Solved – “Least square root” fitting? A fitting method with multiple minima

curve fittingfittingleast squaresnonlinear regressionregression

I am looking for the name of a fitting method that will work even if points from multiple dataseries are meshed together.

As far as I understand there are two major methods, least squares and least absolute error; the method I am looking for would be the next step in the direction from LS to LAE:

  • Least Squares fitting: Minimize the square of the distances of all data points to a function.
    The further a point is, the stronger it's deviation is weighted. May be strongly influenced by outliers. Will always converge to one globally unique solution (at least for simple curves), easy to find with gradient descent methods.

enter image description here


  • Least absolute deviations: Minimize the sum of the distances of all datapoints. All deviations are weighted equal. More robust to outliers, may converge to potentially infinite solutions that all have the same total deviation

enter image description here (generated by hand; images may not be accurate)


  • "Least Square Root" ??? (Google does not really have many hits for this name). I am looking for a function that may converge towards multiple local minima, and weights deviations stronger the closer a point is. Which solution it would converge would depend on the starting parameters. I think a least-square-root of all deviations would do this, but I cannot find any reference to this sort of fit.

enter image description here

Is there an official name for a method like this, and what would it be called? Or is this sort of fit fundamentally not possible with curve fitting methods?

I am not looking for a method that would find all local minima, one local minimum depending on starting parameters would suffice.


(note that in the example pictures the functions were all lines, but ideally I am looking for a method that is able to iteratively fit points towards arbitrary n-dimensional functions)

Best Answer

It seems to me you are actually looking for a regression models with re-descending loss function ("far away points are weighted less than close ones") loss function. Such loss functions --for example the Tukey biweight-- lead to highly non-convex optimization problems, meaning that there are, potentially, a finite but factorial-order increasing number of potential solution. Clearly, which ever one you will pick up will depend on your "starting weights" (you initial guess about which observations belong to the model you are looking for).

R has some facilities to fit such models.

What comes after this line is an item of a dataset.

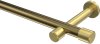 10193125-XX9538 Gardinenstange Metall 20 mm Ø PRESTIGE - Santo Messing Antik / Messing-Optik (ohne Ringe)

An example is the lmrob function in the robustbase package. For illustrative reasons I use a univariate example below but in principle the logic extends to higher dimensions.

library(robustbase)
#constructing the data --one group at a time
x1<-cbind(1,rnorm(100,0,5))
x2<-cbind(1,rnorm(100,0,5))
b1<-c(-3,2)
b2<-c(4,-2)
y1<-x1%*%b1+rnorm(100)
y2<-x2%*%b2+rnorm(100)
#mixing the data
x<-rbind(x1,x2)
y<-c(y1,y2)
sam1<-sample(1:100,3)  
bet1<-lm(y[sam1]~x[sam1,]-1)
ini1<-list(coefficients=as.numeric(coef(bet1)),scale=sd(bet1$resid))
ctrl<-lmrob.control()
mod1<-lmrob(y~x-1,init=ini1)

plot(x[,2],y,pch=16)
points(x[sam1,2],y[sam1],col="red",pch=16)
abline(mod1$coef,col="red")

the red points mark the initial guess of $d+1$ points from the same relationship. The red line is the final fitted regression function

Now, as I mentioned, fitting these types of model is actually a highly non-convex problem. The final solutions will depend on the quality of your starting points. In the example above, my "guess" that the original points (marked in red in the plot above) belonged to the same relationship was correct. In general, specially in higher dimensions, this is a highly questionable assumption. None-withstanding this, if your initial guess is correct, the biweight loss function enabled an appreciable gain over the naive solution (the OLS line passing by the 3 initial points).

EDIT:

I forgot to mention that you have a parameter that determines the width of the area for which the bi-weight gives non-zero weights. This is the tuning.psi parameter of the lmrob.control object.

There is a tradeoff between efficiency and the width of the biweight: the wider the biweight, the more points you effectively use, the more efficiency you get. A limiting case is a biweight that never re-descends (maximal width) which would give you the OLS solution. Adjusting the width is done by:

ctrl$tuning.psi<-1.35
mod1<-lmrob(y~x-1,init=ini1,control=ctrl)

If you set the ctrl$tuning.psi too small, you will get convergence problems. This can be solved by increasing the max.it value of the control object:

ctrl$max.it<-500

There is a whole theory on optimal values of the tunning constant, but it only applies if the sub-population you are targeting has more than half of the observations. I gather this is not the case you are concerned with. If this is the case, I think it is best is to play with to get a handle on it.